Veículo: Folha de S?o Paulo
Seção: Dinheiro
Página: B1

  
A queda do dólar foi o fator que mais pesou na decisão tomada pelo Banco Central de reduzir os juros de forma mais acelerada. Embora alguns diretores do BC argumentem que o crescimento mais forte da economia pode pressionar a inflação, a expectativa é que o aumento das importações seja suficiente para contê-la. Ontem foi divulgada a ata da reunião do Copom (Comitê de Política Monetária do BC) realizada na semana passada, quando a taxa Selic foi reduzida de 12,5% para 12% ao ano, interrompendo uma série de três cortes de 0,25 ponto cada um. A expectativa dos analistas de mercado é que uma nova redução de 0,5 ponto ocorra na próxima reunião do Copom, marcada para o mês que vem. Essa percepção ajudou a Bovespa a bater novo recorde ontem. Até dezembro, os juros devem cair para 10,75% ao ano, segundo a média das projeções dos analistas de mercado. "Os dados referentes à atividade econômica apontam para um fortalecimento da expansão da demanda, mas ainda não sugerem uma probabilidade elevada de que observemos pressões significativas sobre a inflação no curto prazo. O crescimento das importações tem contribuído de forma fundamental para esse processo", afirma a ata do Copom. Dos sete diretores do BC, cinco votaram pelo corte de 0,5 ponto, e dois, por 0,25 ponto. Na ata divulgada ontem, a explicação apresentada pelos diretores que votaram pela queda menor é que a aceleração do crescimento da economia pode abrir espaço para um aumento da inflação. O raciocínio é relativamente simples: se a economia cresce mais, a renda da população tende a crescer. Com procura maior, há mais espaço para reajuste de preços. Quem votou pelo corte maior nos juros afirma que, ainda que esse risco exista, ele é minimizado pela concorrência dos importados, beneficiados pelo dólar barato.
Mudança
Para o economista-chefe do BNP Paribas, Alexandre Lintz, o documento divulgado ontem indica uma mudança na linha de pensamento seguida pelo Copom. Ele afirma que os diretores do BC já não seguem de forma tão rígida as projeções feitas a partir de modelos estatísticos para tomar suas decisões -se seguissem, diz Lintz, a queda dos juros não teria sido acelerada. "Pelo modelo do BC, a projeção de inflação para 2008 não mudou desde a última reunião do Copom [em abril]", afirma o economista.
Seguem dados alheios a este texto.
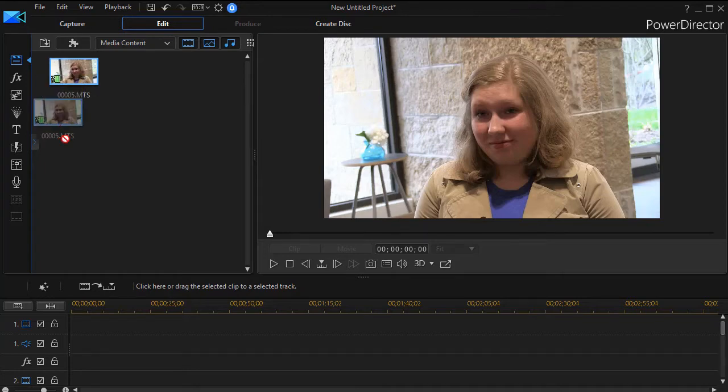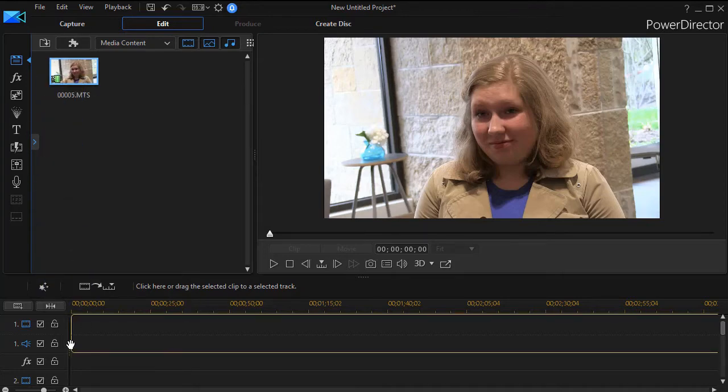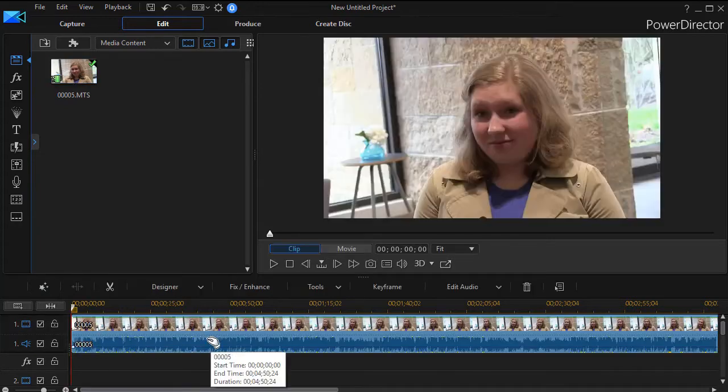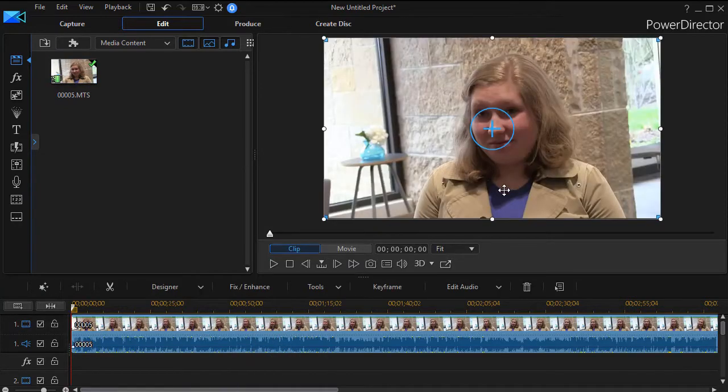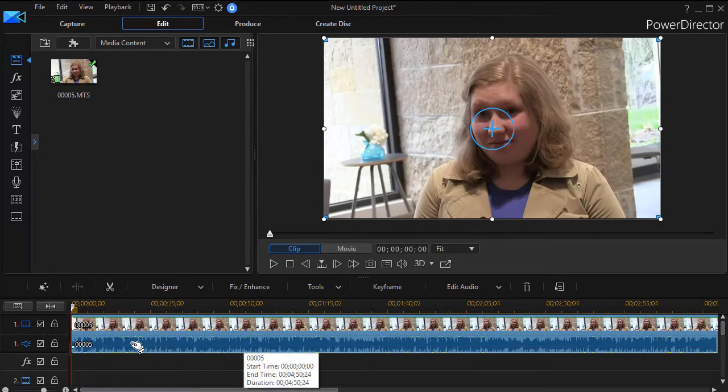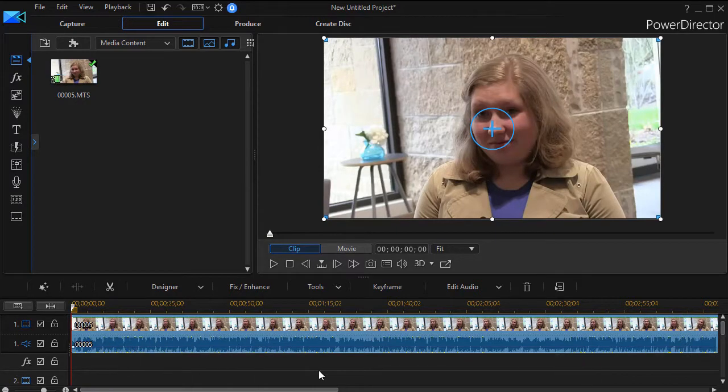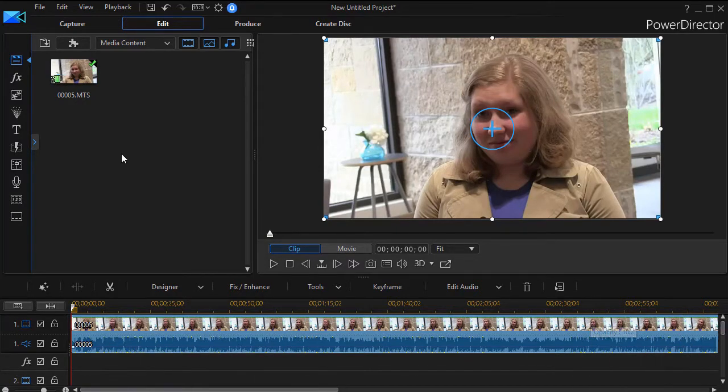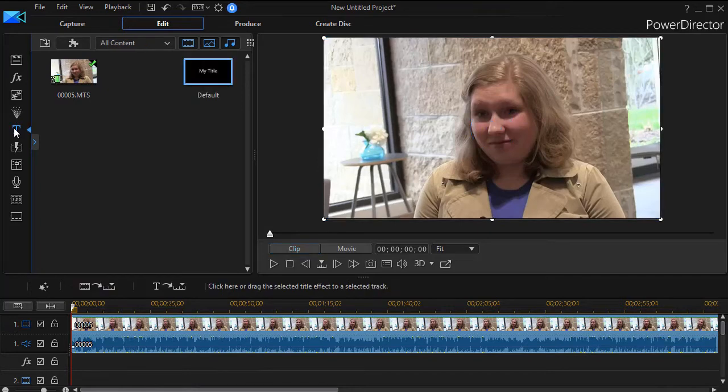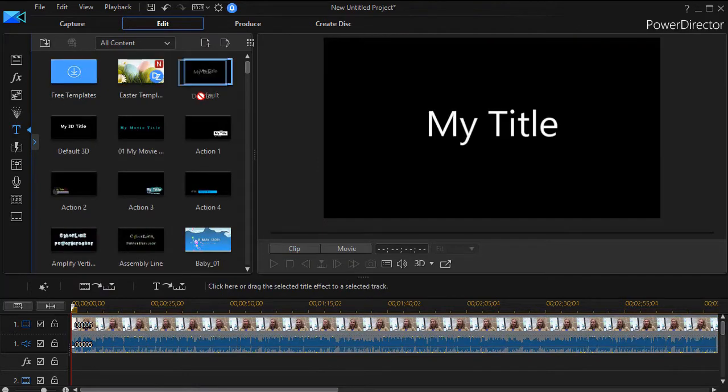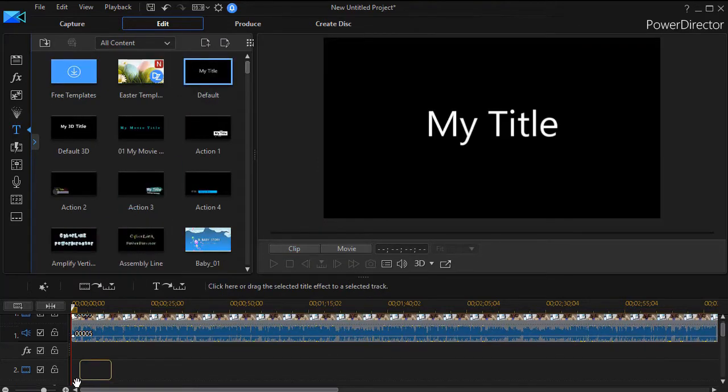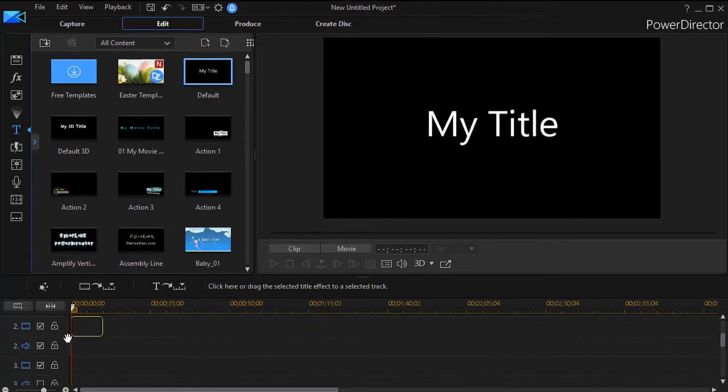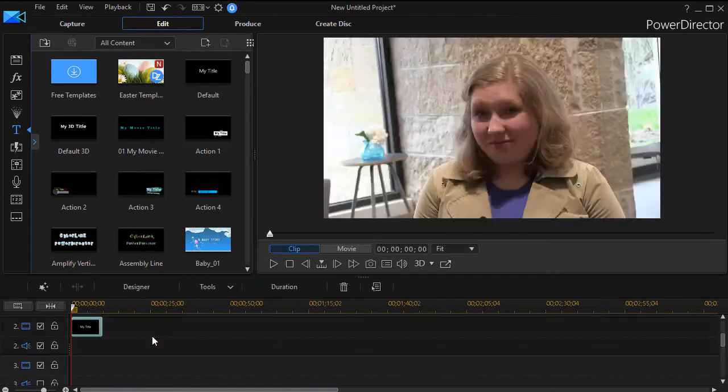I'm going to take this clip and drag it down on track number one, so I have this gal who's going to speak. Now then, what I want to do is put the words on track number two, so I'm going to take my default title and drag it down to track two.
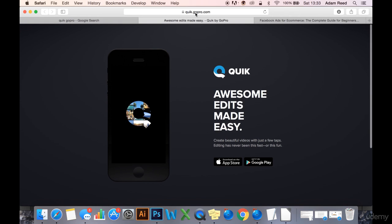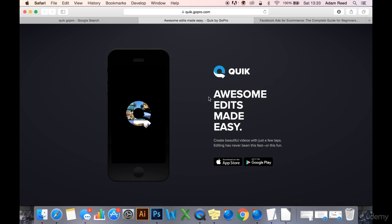So you can go to quick.gopro.com and you can look at this, or you can just download it straight away and have a play by yourself, film some random objects in your house just to get the hang of it.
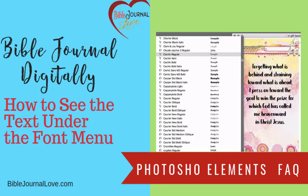Hello, this is Robin Sampson with BibleJournallove.com. I'm here to answer a question on Photoshop Elements that I received in the Bible Journal Love Facebook group.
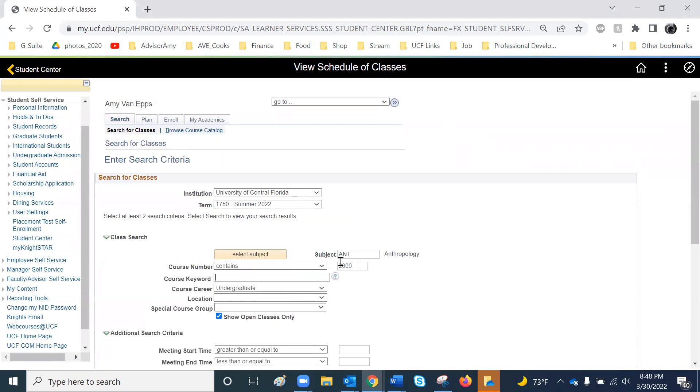If you want to search for 3,000 or 4,000 level courses or upper level, change contains to greater than or equal to 3,000. And it will only search for classes that are 3,000 or 4,000 level.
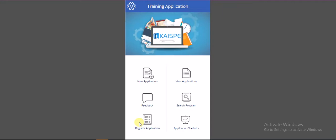Let's start a quick demo on the training application main page. I can see the following fields: New Application, View Application, Feedback, Search Program, Registered Application, and Application Statistics.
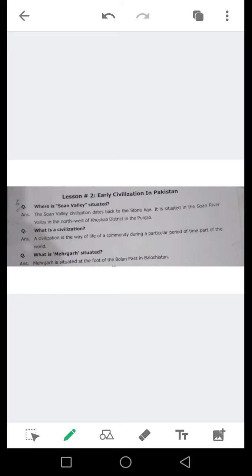Question number 2: What is our civilization? Tehzir ka concept kya hai? Our civilization is the way of life of a community during a particular period of time in a particular part of the world.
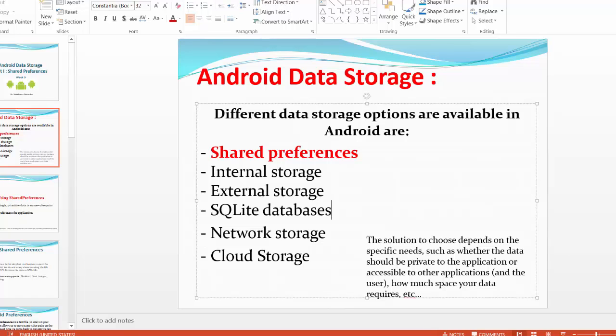Hi folks. Today we are going to talk about Android data storage, and in particular, we are going to talk about shared preferences. So different data storage options are available in Android device. This is a list of them. As I mentioned, one of them is shared preferences.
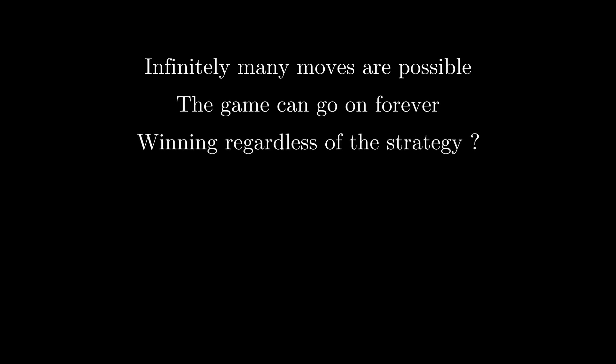There are other games where infinitely many moves are possible, the game can go on forever, and even games where someone wins regardless of the strategy.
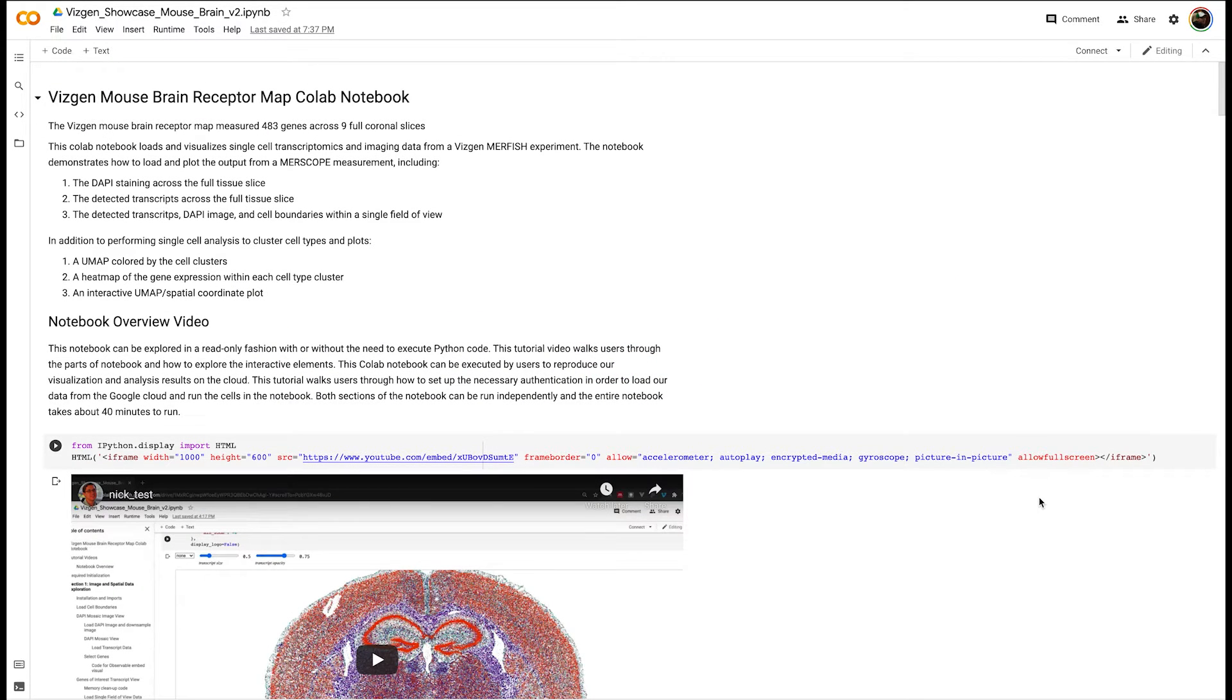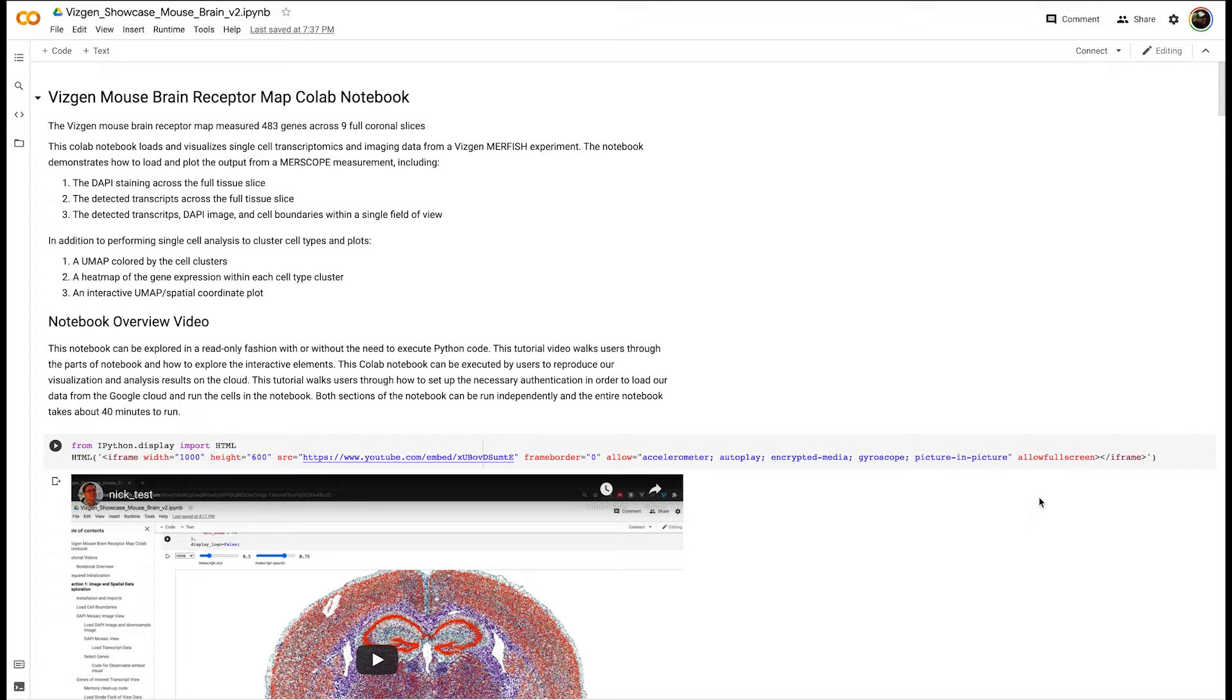Hello and welcome to VisGen's Mouse Brain CoLab Notebook tutorial video. This video will walk you through how to use the notebook, how to explore it, and how to run the notebook on the cloud using our Google Cloud platform.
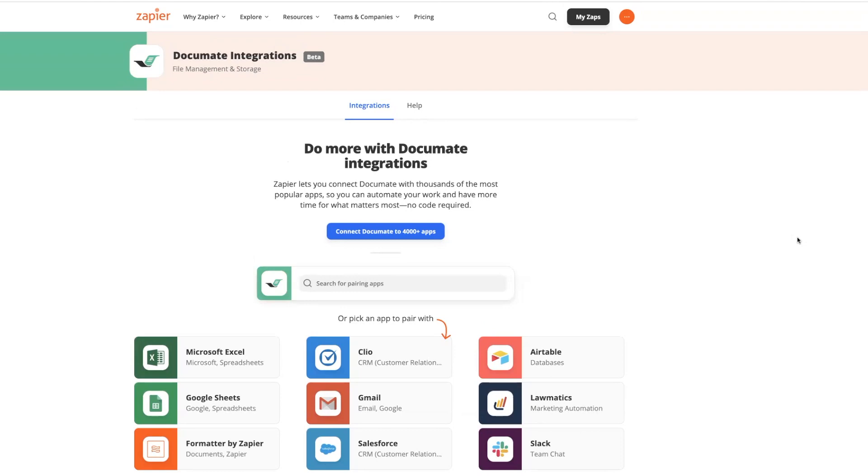We can put together everything we've seen so far by setting up two separate zaps, one with Documate as the action step and another with Documate as the trigger step. In this example, we want to start a workflow in Documate when we create a new record in Airtable.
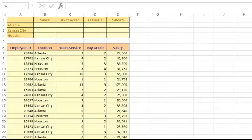Conditional formulas will calculate data that meet certain conditions. Here we have a list of employee data. Let's say we wanted to determine the total of the salaries for employees located in Atlanta. We can use the SUMIF function to sum the salaries for employees only if they meet criteria that requires that the location be Atlanta.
A própria ata do Copom divulgada ontem ressalta que mudanças decididas hoje nos juros só terão mais efeito no ano que vem, devido ao tempo que se leva para que uma queda na taxa seja sentida, de fato, pela economia. Segundo Lintz, a queda de 0,5 ponto se deveu ao julgamento, feito pelos diretores do BC, de que as chances de uma grande desvalorização do real -que pressionaria a inflação - são cada vez menores. Diante dos efeitos positivos que o câmbio tem tido sobre a inflação, o economista-chefe do Unibanco, Marcelo Salomon, chega a ironizar os que reclamam da forte valorização do real. "Quem disse que real forte é sempre uma má notícia?", questiona ele em relatório distribuído a clientes do banco. No governo, o câmbio sempre foi motivo de polêmica. Nos últimos dias, várias medidas foram anunciadas na tentativa de conter a queda do dólar -ou, pelo menos, de amenizar seus efeitos. Entre elas estão a concessão de empréstimos a juros subsidiados para alguns setores e limites mais rígidos para as operações dos bancos no mercado de câmbio. Anteontem, quando foi divulgado que o PIB (Produto Interno Bruto) do 1º trimestre cresceu 4,3% sobre o mesmo período de 2006, analistas ressaltaram que o resultado poderia ter sido melhor se não fosse o impacto negativo que o aumento das importações provocou em alguns setores, especialmente na indústria.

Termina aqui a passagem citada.